Neste domingo, seguem os debates para a definição do que os participantes do MR 2004 consideram "ações concretas contra a globalização imperialista e a guerra". Na próxima segunda-feira, o dia será reservado a atividades culturais engajadas, e na terça-feira (20), uma marcha dos participantes do Mumbai Resistance tomará o rumo da Embaixada dos EUA em Mumbai, para protestar contra a política do presidente George W. Bush.
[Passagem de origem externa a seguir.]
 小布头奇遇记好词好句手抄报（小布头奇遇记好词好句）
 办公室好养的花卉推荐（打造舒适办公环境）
Influências nos rumos do FSM
A organização de um evento paralelo ao FSM por um grupo de esquerda - mesmo que de um radicalismo próximo ao arcaísmo, como vem sendo considerado o MR -, acabou provocando um certo desconforto entre os organizadores do Fórum e os membros do seu Conselho Internacional (CI). Mesmo que a postura oposicionista do MR em relação ao FSM tenha sido amenizada por uma série de conversas prévias aos dois eventos, até este fim de semana havia na "cúpula" do Fórum uma certa ansiedade relativa às atitudes ou posicionamentos dos radicais em relação ao evento, misto de curiosidade e incerteza, como deixaram transparecer vários membros do CI.
A causa do desconforto criado pelo MR, ao contrário do que poderia se supor, não foi tanto o receio de algum tipo de manifestação massiva dos radicais contra o Fórum, mas sim o fato de que, apesar de ter se criado sobre as bases de um novo conceito de respeito às diversidades dos vários atores participantes, o FSM não teria logrado evitar o tradicional racha ideológico que há séculos tem dividido as esquerdas no mundo.
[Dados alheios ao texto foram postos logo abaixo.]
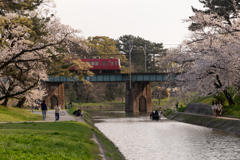 お花見散歩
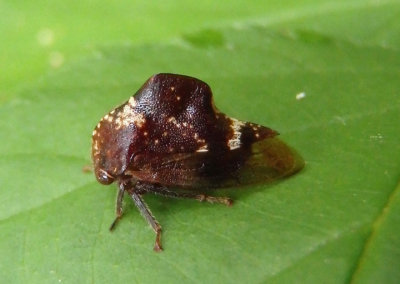Telamona compacta; Treehopper species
Esta avaliação acabou levando a organização camponesa internacional Via Campesina, uma das mais respeitadas entre os movimentos sociais no mundo todo e membro do Conselho Internacional do FSM, a recolher suas críticas ao MR e aceitar o convite para participar de uma atividade do evento paralelo. Segundo Geraldo Fontes, coordenador de relações internacionais do Movimento dos Trabalhadores Rurais Sem Terra (MST), a Via Campesina considerou fatal para o Fórum que um racha desses viesse turvar o processo de construção da proposta de unificação das mais variadas forças progressistas contra o "projeto neoliberal das grandes potências", assumindo para si a tarefa de fazer a ponte entre os dois eventos. "A Via Campesina era a única organização legitimada e respeitada pelos dois lados. Estamos fazendo a ponte e buscando a reaproximação através da nossa intervenção em ambos os eventos", afirmou Fontes. "Não podemos dar armas ao inimigo, ao permitir que o nosso projeto político fracasse de alguma forma", afirmou também o coordenador internacional da Via Campesina, Rafael Alegria.
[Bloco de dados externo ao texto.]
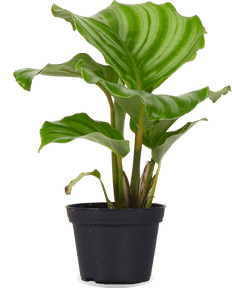 Calathea orbifolia (Pauwenplant) (XS)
Por outro lado, algumas das críticas feitas pelo MR são, de certa forma, compartilhadas pela rede de movimentos sociais que se criou no interior do FSM e que sempre cobrou uma politização maior do Fórum, algo que se concretizasse em ação política efetiva, como campanhas assumidas e encaminhadas como sendo do processo Fórum Social Mundial. Para Alegria, o MR teve um lado positivo ao confrontar o FSM, no sentido de reforçar a necessidade de se avançar para práticas mais efetivas dentro do Fórum. "Estaremos aprofundando este debate na próxima reunião do Conselho Internacional do FSM, que acontece agora nos dias 22 e 23. Acho que o surgimento do MR neste momento teve algo de muito positivo".